Auf seiner jüngsten CD "L'ancre d'argent" gelingt es ihm vom ersten Ton an, dem Hörer den Realitätssinn zu rauben. Er schickt ihn auf eine Zeitreise in längst vergangene Jahrhunderte. In Zeiten, als noch das Kaminfeuer hinter dicken Burgmauern prasselte, im Zauberwald von Broceliande im dunklen Herzen der Bretagne keltische Rituale zelebriert wurden und die Harfe zur Kurzweil und beim Geschichtenerzählen genutzt wurde.

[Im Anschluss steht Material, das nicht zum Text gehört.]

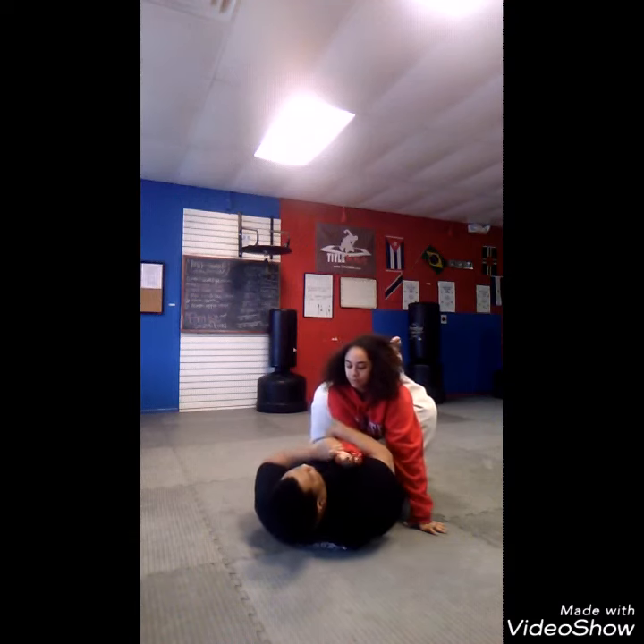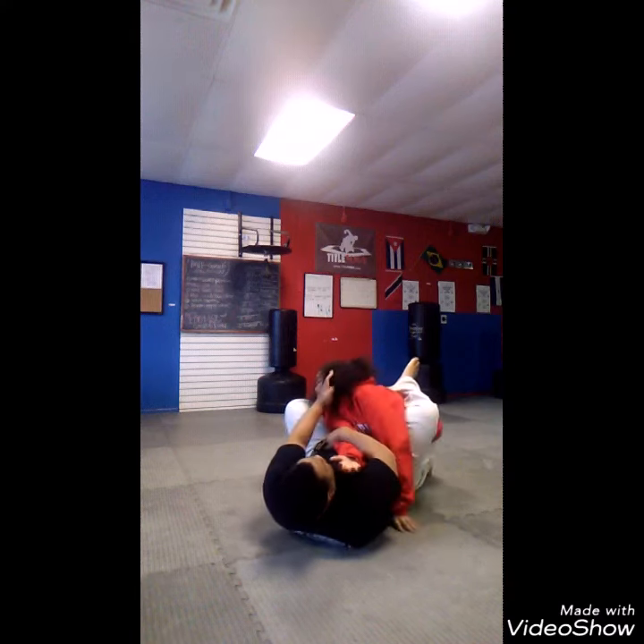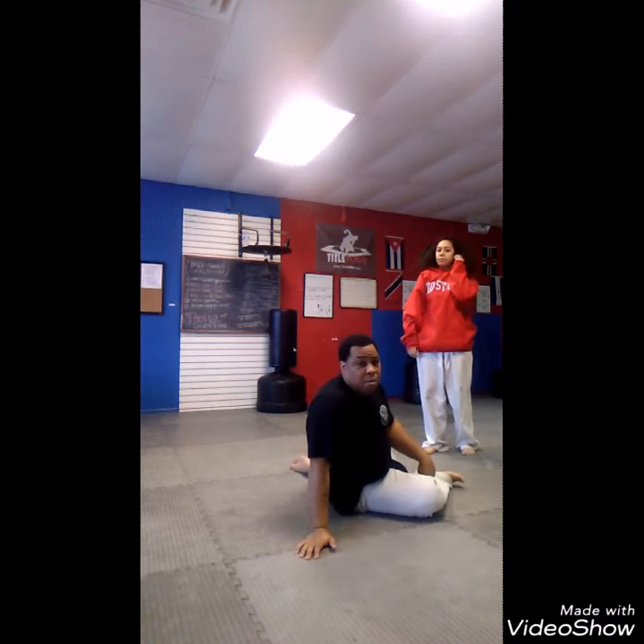Once again, trap an arm, right arm to right arm, or you can go left arm to left arm. I'm going to do a half butterfly, cross face, and there you have the bottom guard arm bar.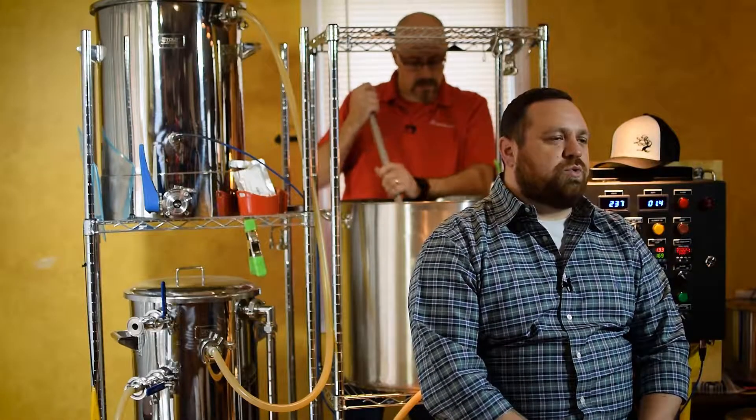If you're a fan of Twitter, you can also follow me at SWECAD — that's S-W-E-C-A-D. We'll see you next time on Brewing with Electricity, the SolidWorks Brewery.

Die zwanzig Lieder stammen aus unterschiedlichen Zeiten und Quellen und sind in der Bretagne recht populär. Zumindest in den traditionspflegebewussten Kreisen. Der "Brian Boru's march" den Alan Stivell berühmt gemacht hat befindet sich ebenso auf der CD, wie eine Komposition aus dem frühen 18. Jahrhundert vom fernen Cape Breton in Canada. Querbeet bedient sich Bouchaud am bretonischen Liedgut, instrumentiert es spärlich, aber effizient. Es begleiten ihn die bretonische Band Teleen Kemper, der Bombardespieler Christian Faucheur und die Violinistin Odile Ribeyre. Besonders hervorzuheben ist Anne Auffret, die mit leicht rauchiger Stimme in den wenigen gesungenen Liedern den meist ähnlich klingenden Harfenstücken auf emotionale Weise eine abwechslungsreiche Klangfarbe verleiht.
Karsten Rube

Värttinä "6.12." Live
Label: Westpark-Musik ; 2001; Spielzeit: 53:10 min; 14 Tracks plus Video
Will man über skandinavische Musik berichten, kommt man an Värttinä nicht vorbei. Als sich 1983 in der ostfinnischen Provinz Karelien die Geschwister Sari & Mari Kaasinen anschickten mit einigen Schulfreundinnen die Volkslieder ihrer Heimat zu singen, ahnte wohl kaum einer der Beteiligten, dass Värttinä zu Beginn des neuen Jahrhunderts zu den bedeutendsten Vertretern der zeitgenössischen finnischen Kultur zählen würden.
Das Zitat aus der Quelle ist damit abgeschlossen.